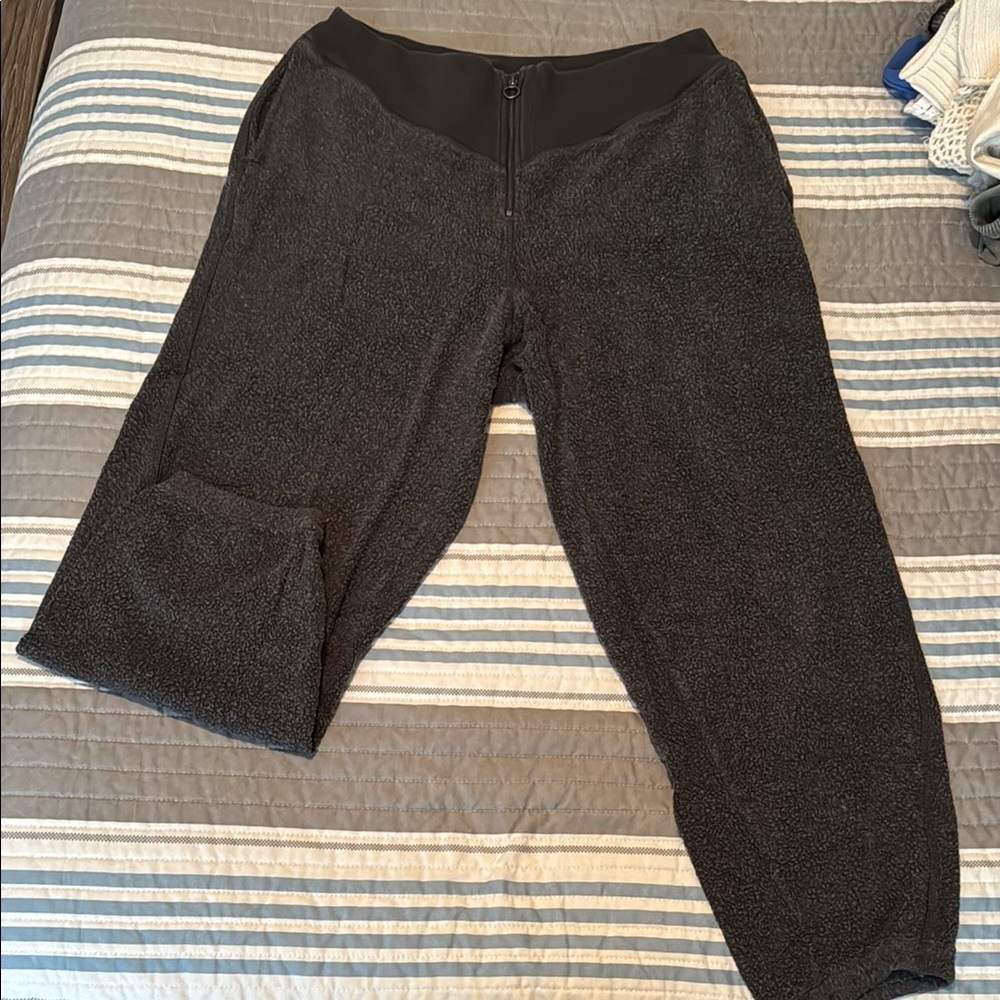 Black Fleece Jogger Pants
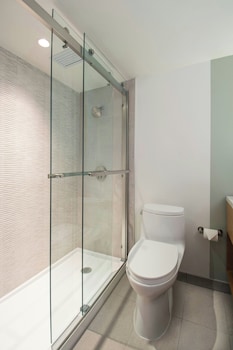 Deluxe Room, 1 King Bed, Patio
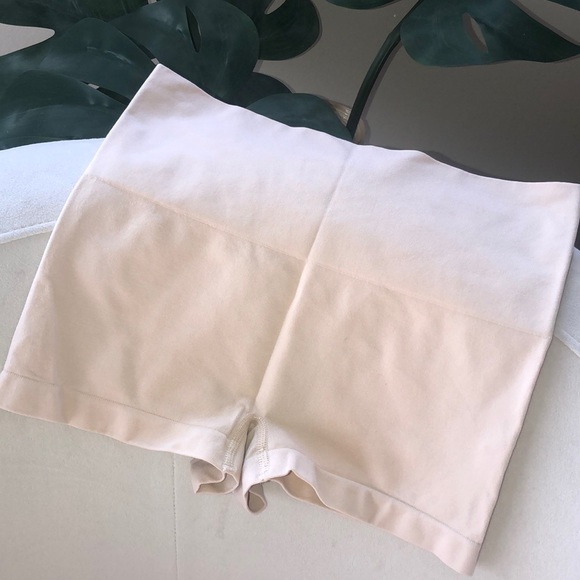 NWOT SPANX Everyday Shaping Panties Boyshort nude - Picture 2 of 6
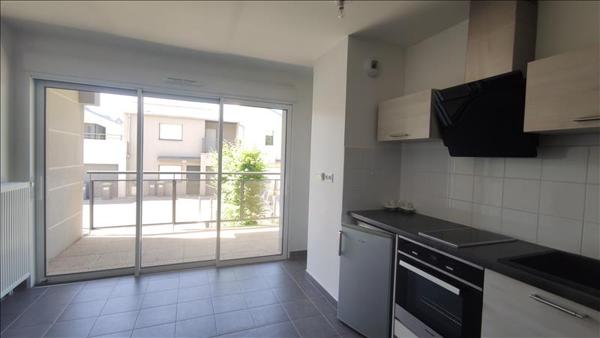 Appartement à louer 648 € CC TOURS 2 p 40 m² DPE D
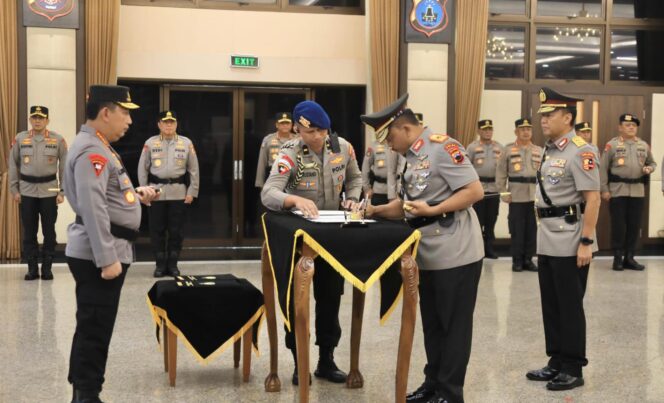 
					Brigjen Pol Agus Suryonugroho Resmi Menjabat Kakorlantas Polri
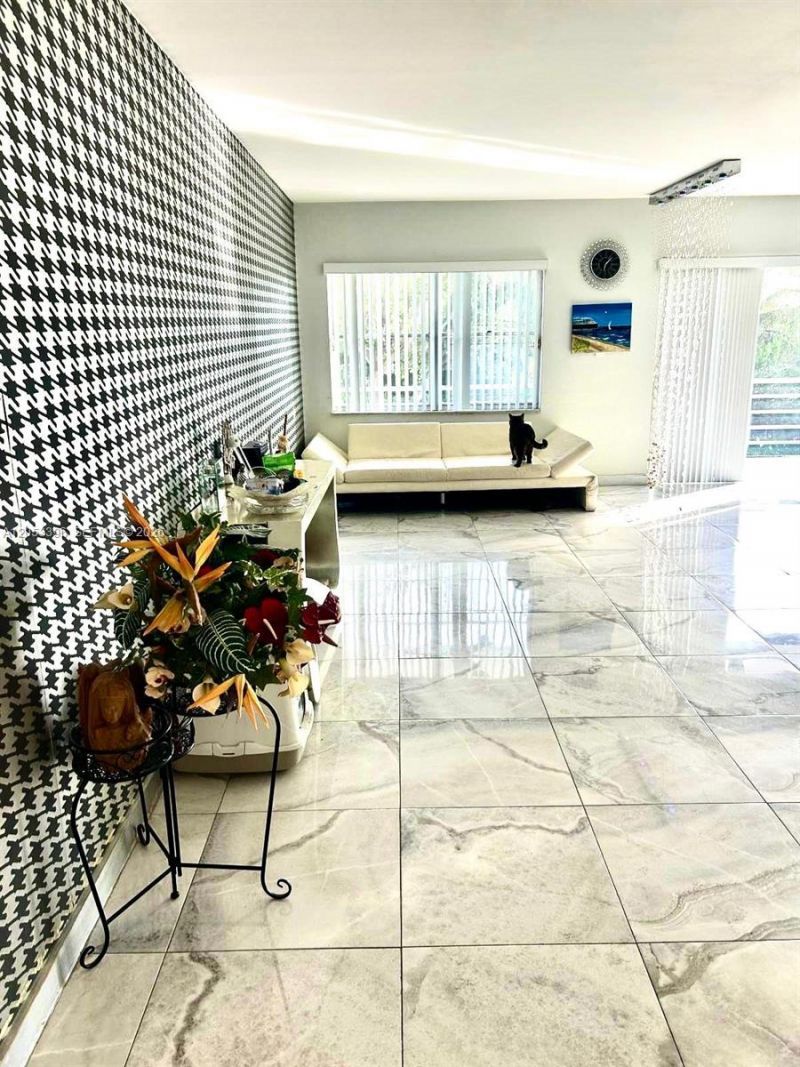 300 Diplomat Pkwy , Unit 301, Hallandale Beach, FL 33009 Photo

> _What you should do_
Print each record as it appears above, dropping every picture from the copy.

> _Result of this exercise_
 Black Fleece Jogger Pants
 Deluxe Room, 1 King Bed, Patio
 NWOT SPANX Everyday Shaping Panties Boyshort nude - Picture 2 of 6
 Appartement à louer 648 € CC TOURS 2 p 40 m² DPE D
					Brigjen Pol Agus Suryonugroho Resmi Menjabat Kakorlantas Polri
 300 Diplomat Pkwy , Unit 301, Hallandale Beach, FL 33009 Photo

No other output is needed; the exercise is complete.